Start of RECORDS SUPPLIED
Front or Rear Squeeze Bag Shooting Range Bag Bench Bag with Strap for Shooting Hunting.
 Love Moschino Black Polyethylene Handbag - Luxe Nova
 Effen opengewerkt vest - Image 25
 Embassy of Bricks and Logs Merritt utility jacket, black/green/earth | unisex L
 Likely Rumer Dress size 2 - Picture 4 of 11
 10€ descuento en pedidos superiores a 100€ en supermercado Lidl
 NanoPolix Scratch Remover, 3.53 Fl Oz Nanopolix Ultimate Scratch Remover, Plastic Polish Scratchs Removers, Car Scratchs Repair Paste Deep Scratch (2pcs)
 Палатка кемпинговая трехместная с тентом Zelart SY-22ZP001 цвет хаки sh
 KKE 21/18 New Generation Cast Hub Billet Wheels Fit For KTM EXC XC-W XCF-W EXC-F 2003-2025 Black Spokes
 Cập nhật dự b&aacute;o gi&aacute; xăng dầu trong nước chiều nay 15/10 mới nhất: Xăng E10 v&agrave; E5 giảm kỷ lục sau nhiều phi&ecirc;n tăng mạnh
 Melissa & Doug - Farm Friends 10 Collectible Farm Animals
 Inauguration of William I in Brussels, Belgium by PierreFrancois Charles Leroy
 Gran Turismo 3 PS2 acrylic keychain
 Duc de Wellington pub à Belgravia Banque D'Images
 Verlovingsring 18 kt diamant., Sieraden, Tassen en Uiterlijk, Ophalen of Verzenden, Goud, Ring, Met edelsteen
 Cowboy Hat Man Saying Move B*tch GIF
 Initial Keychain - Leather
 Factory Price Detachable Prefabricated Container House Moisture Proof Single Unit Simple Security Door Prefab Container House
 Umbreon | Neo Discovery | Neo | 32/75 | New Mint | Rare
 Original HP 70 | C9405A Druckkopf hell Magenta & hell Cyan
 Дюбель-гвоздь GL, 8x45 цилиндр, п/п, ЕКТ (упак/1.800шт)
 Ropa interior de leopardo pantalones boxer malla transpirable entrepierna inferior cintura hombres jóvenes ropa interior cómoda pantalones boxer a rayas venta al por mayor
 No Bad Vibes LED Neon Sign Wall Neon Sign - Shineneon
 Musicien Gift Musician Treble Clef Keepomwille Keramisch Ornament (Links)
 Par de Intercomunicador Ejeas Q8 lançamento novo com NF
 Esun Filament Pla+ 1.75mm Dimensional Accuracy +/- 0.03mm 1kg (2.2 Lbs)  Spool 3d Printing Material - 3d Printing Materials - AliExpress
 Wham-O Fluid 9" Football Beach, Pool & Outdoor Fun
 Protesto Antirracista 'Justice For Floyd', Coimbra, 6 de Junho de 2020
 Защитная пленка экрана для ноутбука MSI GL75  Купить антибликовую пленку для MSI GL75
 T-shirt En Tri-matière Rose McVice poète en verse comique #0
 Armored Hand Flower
End of RECORDS SUPPLIED
- TASK PROMPT -
Only the lines from the start of the material through the line containing "10€ descuento en" should be repeated, and they should be repeated exactly.

- EXERCISE RESULT -
Front or Rear Squeeze Bag Shooting Range Bag Bench Bag with Strap for Shooting Hunting.
 Love Moschino Black Polyethylene Handbag - Luxe Nova
 Effen opengewerkt vest - Image 25
 Embassy of Bricks and Logs Merritt utility jacket, black/green/earth | unisex L
 Likely Rumer Dress size 2 - Picture 4 of 11
 10€ descuento en pedidos superiores a 100€ en supermercado Lidl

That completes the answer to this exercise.